Washington, March 16 : Taiwanese researchers have created a mathematical model, based on the principle of natural selection, which can enable people interested in share market to predict whether any company is likely to fail.
The expert duo - Ping-Chen Lin of the National Kaohsiung University of Applied Sciences in Kaohsiung and Jiah-Shing Chen of the National Central University in Jhongli - says that a plethora of changing and interconnected factors make it difficult to predict any company's chances of success or failure.
The researchers say that they have now borrowed some of the principles of evolutionary biology to come up with a computer algorithm to make such predictions possible.

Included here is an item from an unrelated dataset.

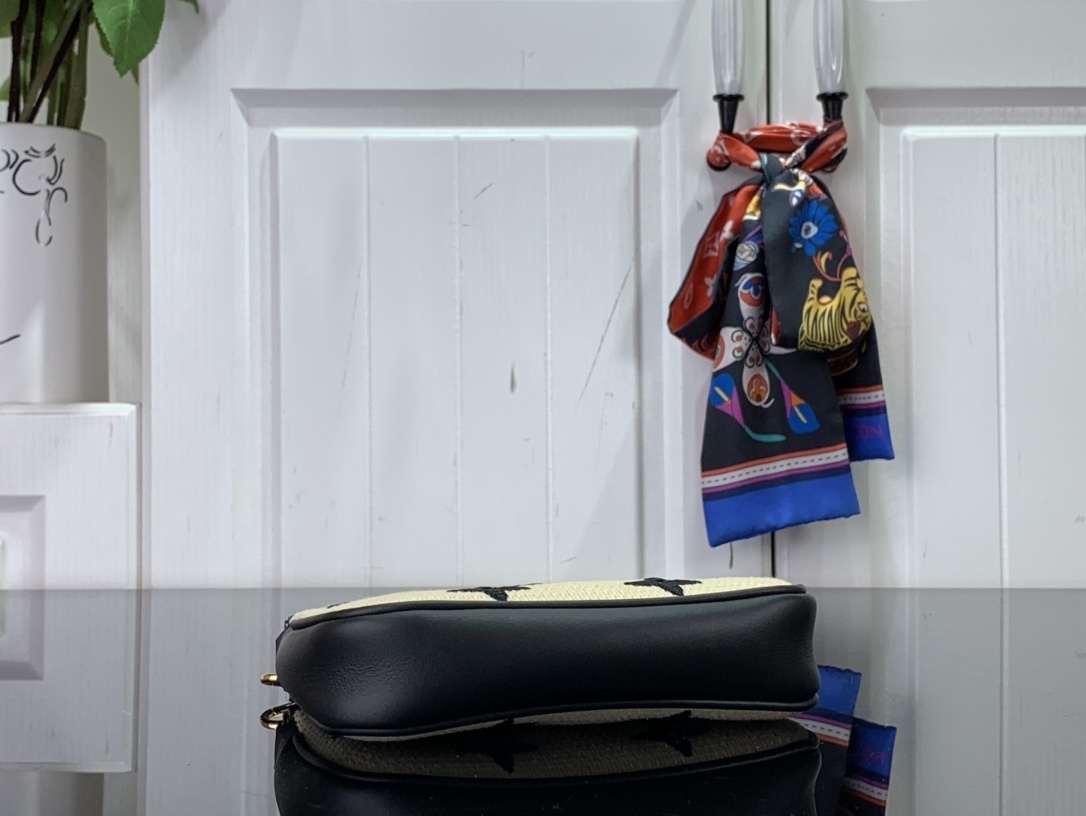 LV Should bag m82472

They feed different variables, such as earnings per share, liabilities and net income, into their genetic-based hybrid algorithm, which assigns a weighting to each value.

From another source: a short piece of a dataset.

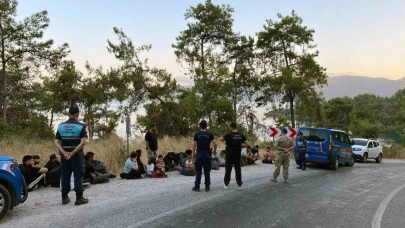 22 Düzensiz Göçmen ve 2 Göçmen Kaçakçısı Yakalandı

As output, the algorithm generates a new set of variables that are then selected for how well they fit the next set of financial results from the company.
The researchers say that those that fail are discarded or reduced in weight, while those that match the actual results more closely are fed back into the algorithm for the next round.
Using actual data from successful and failed companies and feeding this into the algorithm the researchers build up the fittest set of variables and weightings, which allows the algorithm to evolve so that it can then predict the financial future of any given company based on current income and expenditure, and tax obligations.
The researchers say that they have successfully blind tested the predictive power of their system on several companies.
"Our experimental results show that this hybrid approach obtains better prediction performance than when using a single approach effectively," the researchers say.
A report detailing the new system appears in a forthcoming issue of the International Journal of Electronic Finance.